■ REQUIREMENT ■
Line by line, output the entries below exactly as they appear.

■ EXERCISE MATERIALS ■
################
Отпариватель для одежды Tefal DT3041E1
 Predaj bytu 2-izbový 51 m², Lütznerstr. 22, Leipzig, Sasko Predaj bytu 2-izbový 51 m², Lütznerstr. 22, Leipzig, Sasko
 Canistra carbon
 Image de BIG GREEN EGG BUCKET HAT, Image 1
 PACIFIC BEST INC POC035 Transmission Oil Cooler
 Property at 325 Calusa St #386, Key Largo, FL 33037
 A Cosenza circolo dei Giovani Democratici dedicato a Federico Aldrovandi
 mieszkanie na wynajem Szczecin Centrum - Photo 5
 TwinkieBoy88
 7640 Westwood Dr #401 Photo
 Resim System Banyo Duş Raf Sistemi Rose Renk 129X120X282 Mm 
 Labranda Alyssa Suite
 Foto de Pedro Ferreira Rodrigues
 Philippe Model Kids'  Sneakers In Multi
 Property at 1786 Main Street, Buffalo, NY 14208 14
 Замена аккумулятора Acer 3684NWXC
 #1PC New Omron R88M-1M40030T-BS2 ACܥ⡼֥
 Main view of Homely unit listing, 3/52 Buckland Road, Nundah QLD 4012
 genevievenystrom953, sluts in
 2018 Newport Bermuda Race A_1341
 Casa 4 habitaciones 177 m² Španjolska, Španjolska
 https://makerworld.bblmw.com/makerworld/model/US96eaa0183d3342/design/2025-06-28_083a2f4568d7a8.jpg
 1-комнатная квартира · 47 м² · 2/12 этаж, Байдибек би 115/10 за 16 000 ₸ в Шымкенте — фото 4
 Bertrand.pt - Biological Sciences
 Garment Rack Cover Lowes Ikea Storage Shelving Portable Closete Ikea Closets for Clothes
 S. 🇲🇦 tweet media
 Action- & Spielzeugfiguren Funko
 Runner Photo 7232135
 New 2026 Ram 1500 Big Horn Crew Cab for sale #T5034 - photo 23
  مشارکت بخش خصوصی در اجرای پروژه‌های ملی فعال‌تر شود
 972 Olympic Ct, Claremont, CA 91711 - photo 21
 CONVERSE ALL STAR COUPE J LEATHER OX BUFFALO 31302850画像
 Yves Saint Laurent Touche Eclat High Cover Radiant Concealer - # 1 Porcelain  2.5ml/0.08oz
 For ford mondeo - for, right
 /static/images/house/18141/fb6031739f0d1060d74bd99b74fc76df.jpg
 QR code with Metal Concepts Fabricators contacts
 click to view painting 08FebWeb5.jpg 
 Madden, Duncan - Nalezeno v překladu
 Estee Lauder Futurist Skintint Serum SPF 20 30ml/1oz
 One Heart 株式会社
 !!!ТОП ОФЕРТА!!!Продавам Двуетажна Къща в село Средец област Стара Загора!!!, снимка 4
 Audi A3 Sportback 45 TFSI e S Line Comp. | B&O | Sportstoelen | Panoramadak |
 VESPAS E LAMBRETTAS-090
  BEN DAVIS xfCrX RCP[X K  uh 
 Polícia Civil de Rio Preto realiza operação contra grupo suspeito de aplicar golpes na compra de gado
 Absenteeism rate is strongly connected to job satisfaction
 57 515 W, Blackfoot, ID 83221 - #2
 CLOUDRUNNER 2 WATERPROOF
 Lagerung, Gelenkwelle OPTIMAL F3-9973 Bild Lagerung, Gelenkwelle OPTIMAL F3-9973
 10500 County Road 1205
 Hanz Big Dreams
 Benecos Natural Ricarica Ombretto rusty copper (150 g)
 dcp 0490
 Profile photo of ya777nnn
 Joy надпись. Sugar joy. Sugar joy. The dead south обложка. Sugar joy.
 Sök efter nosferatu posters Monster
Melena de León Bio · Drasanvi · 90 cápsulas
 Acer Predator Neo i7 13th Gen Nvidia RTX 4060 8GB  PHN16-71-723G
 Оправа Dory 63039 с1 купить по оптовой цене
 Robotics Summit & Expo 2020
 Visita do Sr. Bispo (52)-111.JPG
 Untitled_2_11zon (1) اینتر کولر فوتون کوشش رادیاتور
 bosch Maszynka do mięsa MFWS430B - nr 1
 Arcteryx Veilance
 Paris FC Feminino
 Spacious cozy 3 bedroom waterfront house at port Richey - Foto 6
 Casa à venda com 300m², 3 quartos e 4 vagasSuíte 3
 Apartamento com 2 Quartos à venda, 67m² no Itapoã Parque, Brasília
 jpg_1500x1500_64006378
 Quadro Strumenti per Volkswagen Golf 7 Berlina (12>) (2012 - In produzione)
################
■ TASK OUTPUT ■
Отпариватель для одежды Tefal DT3041E1
 Predaj bytu 2-izbový 51 m², Lütznerstr. 22, Leipzig, Sasko Predaj bytu 2-izbový 51 m², Lütznerstr. 22, Leipzig, Sasko
 Canistra carbon
 Image de BIG GREEN EGG BUCKET HAT, Image 1
 PACIFIC BEST INC POC035 Transmission Oil Cooler
 Property at 325 Calusa St #386, Key Largo, FL 33037
 A Cosenza circolo dei Giovani Democratici dedicato a Federico Aldrovandi
 mieszkanie na wynajem Szczecin Centrum - Photo 5
 TwinkieBoy88
 7640 Westwood Dr #401 Photo
 Resim System Banyo Duş Raf Sistemi Rose Renk 129X120X282 Mm 
 Labranda Alyssa Suite
 Foto de Pedro Ferreira Rodrigues
 Philippe Model Kids'  Sneakers In Multi
 Property at 1786 Main Street, Buffalo, NY 14208 14
 Замена аккумулятора Acer 3684NWXC
 #1PC New Omron R88M-1M40030T-BS2 ACܥ⡼֥
 Main view of Homely unit listing, 3/52 Buckland Road, Nundah QLD 4012
 genevievenystrom953, sluts in
 2018 Newport Bermuda Race A_1341
 Casa 4 habitaciones 177 m² Španjolska, Španjolska
 https://makerworld.bblmw.com/makerworld/model/US96eaa0183d3342/design/2025-06-28_083a2f4568d7a8.jpg
 1-комнатная квартира · 47 м² · 2/12 этаж, Байдибек би 115/10 за 16 000 ₸ в Шымкенте — фото 4
 Bertrand.pt - Biological Sciences
 Garment Rack Cover Lowes Ikea Storage Shelving Portable Closete Ikea Closets for Clothes
 S. 🇲🇦 tweet media
 Action- & Spielzeugfiguren Funko
 Runner Photo 7232135
 New 2026 Ram 1500 Big Horn Crew Cab for sale #T5034 - photo 23
  مشارکت بخش خصوصی در اجرای پروژه‌های ملی فعال‌تر شود
 972 Olympic Ct, Claremont, CA 91711 - photo 21
 CONVERSE ALL STAR COUPE J LEATHER OX BUFFALO 31302850画像
 Yves Saint Laurent Touche Eclat High Cover Radiant Concealer - # 1 Porcelain  2.5ml/0.08oz
 For ford mondeo - for, right
 /static/images/house/18141/fb6031739f0d1060d74bd99b74fc76df.jpg
 QR code with Metal Concepts Fabricators contacts
 click to view painting 08FebWeb5.jpg 
 Madden, Duncan - Nalezeno v překladu
 Estee Lauder Futurist Skintint Serum SPF 20 30ml/1oz
 One Heart 株式会社
 !!!ТОП ОФЕРТА!!!Продавам Двуетажна Къща в село Средец област Стара Загора!!!, снимка 4
 Audi A3 Sportback 45 TFSI e S Line Comp. | B&O | Sportstoelen | Panoramadak |
 VESPAS E LAMBRETTAS-090
  BEN DAVIS xfCrX RCP[X K  uh 
 Polícia Civil de Rio Preto realiza operação contra grupo suspeito de aplicar golpes na compra de gado
 Absenteeism rate is strongly connected to job satisfaction
 57 515 W, Blackfoot, ID 83221 - #2
 CLOUDRUNNER 2 WATERPROOF
 Lagerung, Gelenkwelle OPTIMAL F3-9973 Bild Lagerung, Gelenkwelle OPTIMAL F3-9973
 10500 County Road 1205
 Hanz Big Dreams
 Benecos Natural Ricarica Ombretto rusty copper (150 g)
 dcp 0490
 Profile photo of ya777nnn
 Joy надпись. Sugar joy. Sugar joy. The dead south обложка. Sugar joy.
 Sök efter nosferatu posters Monster
Melena de León Bio · Drasanvi · 90 cápsulas
 Acer Predator Neo i7 13th Gen Nvidia RTX 4060 8GB  PHN16-71-723G
 Оправа Dory 63039 с1 купить по оптовой цене
 Robotics Summit & Expo 2020
 Visita do Sr. Bispo (52)-111.JPG
 Untitled_2_11zon (1) اینتر کولر فوتون کوشش رادیاتور
 bosch Maszynka do mięsa MFWS430B - nr 1
 Arcteryx Veilance
 Paris FC Feminino
 Spacious cozy 3 bedroom waterfront house at port Richey - Foto 6
 Casa à venda com 300m², 3 quartos e 4 vagasSuíte 3
 Apartamento com 2 Quartos à venda, 67m² no Itapoã Parque, Brasília
 jpg_1500x1500_64006378
 Quadro Strumenti per Volkswagen Golf 7 Berlina (12>) (2012 - In produzione)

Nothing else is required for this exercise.